# EXERCISE REQUIREMENTS
Without the images, write out the whole listing exactly.

# SUPPLIED MATERIAL
_ _ _ _

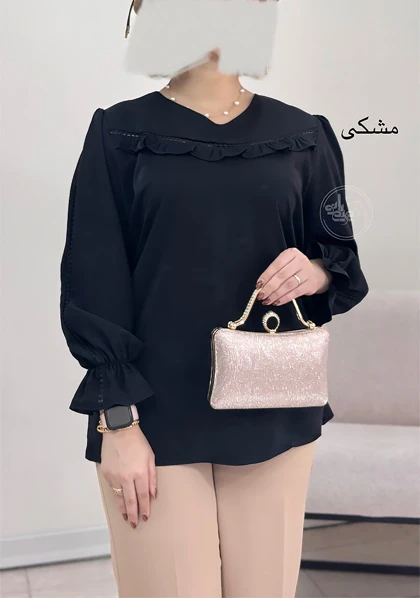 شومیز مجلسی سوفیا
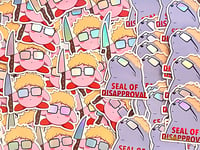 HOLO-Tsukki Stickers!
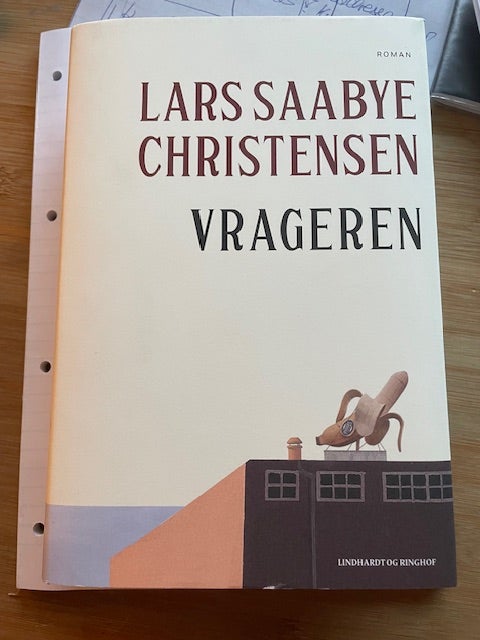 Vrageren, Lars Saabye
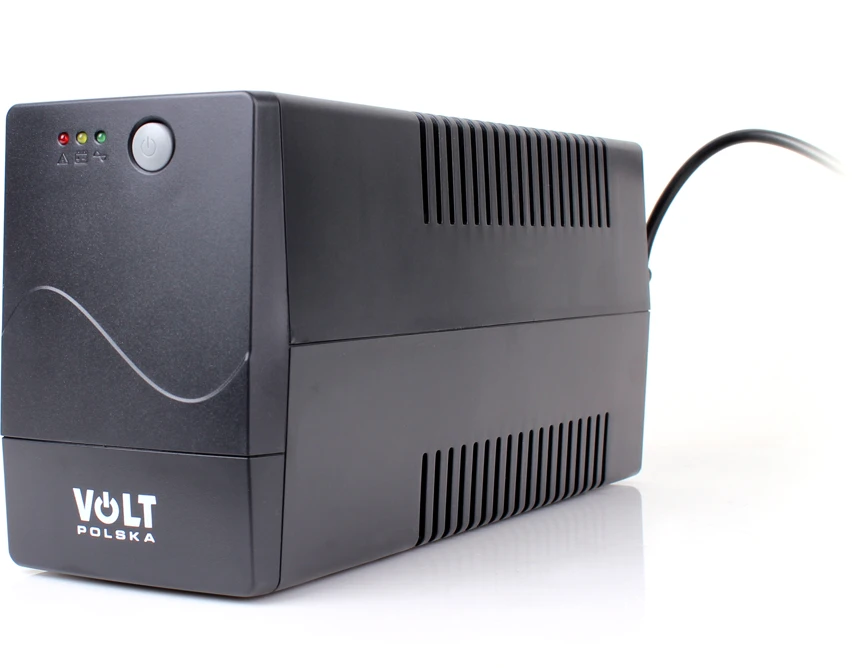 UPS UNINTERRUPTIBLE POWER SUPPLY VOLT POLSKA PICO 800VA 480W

_ _ _ _

# WRITTEN RESPONSE
 شومیز مجلسی سوفیا
 HOLO-Tsukki Stickers!
 Vrageren, Lars Saabye
 UPS UNINTERRUPTIBLE POWER SUPPLY VOLT POLSKA PICO 800VA 480W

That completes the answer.